Engoli seco. O Milhinho havia sumido.
- EU DEIXEI ELE NO ÔNIBUS.
Concluiu a minha pequena com os olhos já cheios de lágrimas. Formou-se um nó na minha garganta. Já era. Pobre Milhinho. Era como se alguém tivesse me comunicado o falecimento ou desaparecimento de um ente querido. Ao mesmo tempo, veio na minha mente as imagens dos nossos últimos momentos: eu passando a mão na cabeça do Milhinho enquanto ele olhava desenho no ônibus com a Lari. Eu colocando ele sentadinho na mesa para almoçar com a minha pequena. Eu dormindo com a Lari agarrada ao Milhinho. Meus olhos lacrimejaram. Quase gritei: NÃÃÃOOOOOOO! MILHINHOOOOO!!!! Mas, ao ver a Lari aos prantos, pensei: “tenho que ser racional, afinal, eu sou o papai dela. Se eu me desestabilizar, já era”. A essas alturas já havia se formado o tradicional bolinho ao redor da nossa mesa para ver o que tinha acontecido. A Lari só chorava, desconsoladamente, abraçada a mim. O único consolo que me veio à mente naquela hora foi dizer: “alguma criança bem legal vai acha-lo e cuidar muito bem dele”. A cena era comovente. Então, o Esser, um estudante português que está fazendo intercâmbio no PPGCOM da PUCRS, disse em tom profético: “Pois olha, eu tenho a impressão de que esse pato vai voltar. Escutem-me: esse pato vai aparecer”. Ele falou com tanta seriedade, que quase acreditei. Mas, eu sabia que estando perdido em um ônibus urbano de Porto Alegre essa chance era menor do que acertar os 170 milhões da Mega Sena sozinho.

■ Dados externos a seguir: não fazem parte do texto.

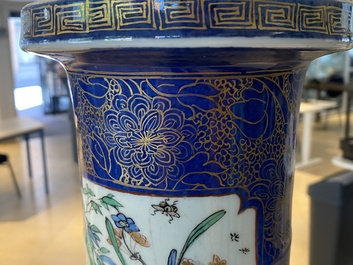 A massive Chinese famille verte on powder blue-ground rouleau vase, Kangxi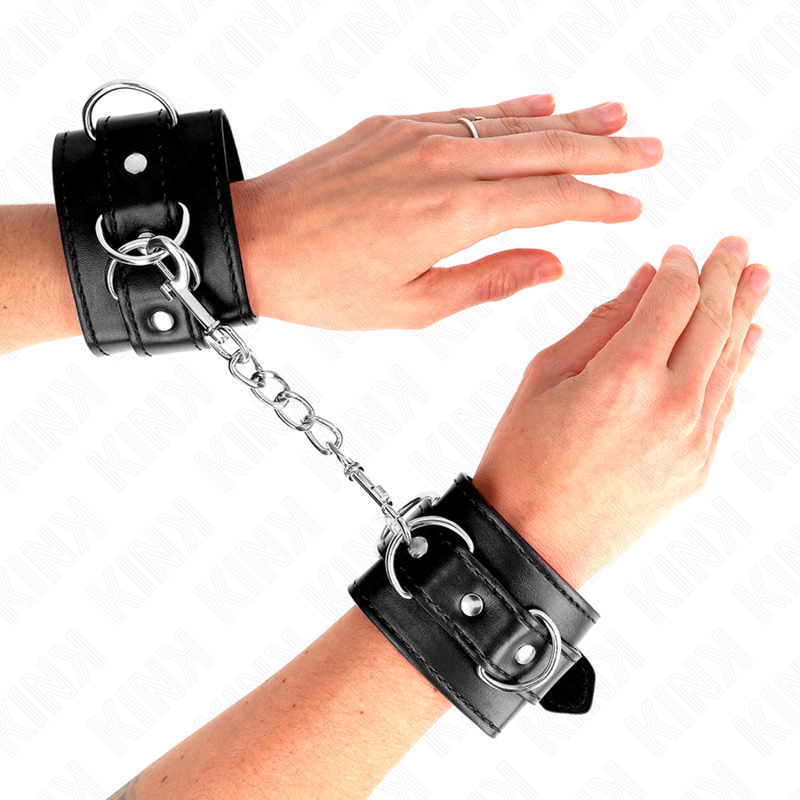 KINK - RESISTENZA DA POLSO CON 3 ANELLI A D REGOLABILE NERO 17,5-25 CM X 6 CM - KINK COLLAR & GAG | Lingerie Harness Boutique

Com a Lari desconsolada, subi para o segundo piso da Famecos, aonde eu apresentaria o meu trabalho no GT de Jornalismo. Porém, antes de começar as apresentações, ela deu um pulo de felicidade ao falar:
- PAI! Eu acho que não esqueci o Milhinho no ônibus, acho que ele ficou na livraria!
Eu me animei na mesma hora. No entanto, tivemos que esperar todas as apresentações terminarem para irmos até o prédio 40 – claro, a cada cinco minutos ela me dizia que queria ir buscar o Milhinho. E, para completar a aventura, tinha começado a chover. Fomos correndo até lá na esperança de encontramos o Milhinho vivo. Chegando, quase chorei de emoção ao ver o Milhinho amarelinho e peludinho se juntando a nós novamente!
E foi assim que, em uma terça-feira chuvosa em Porto Alegre, minha pequena e eu resgatamos o bravo e valente soldado Milhinho.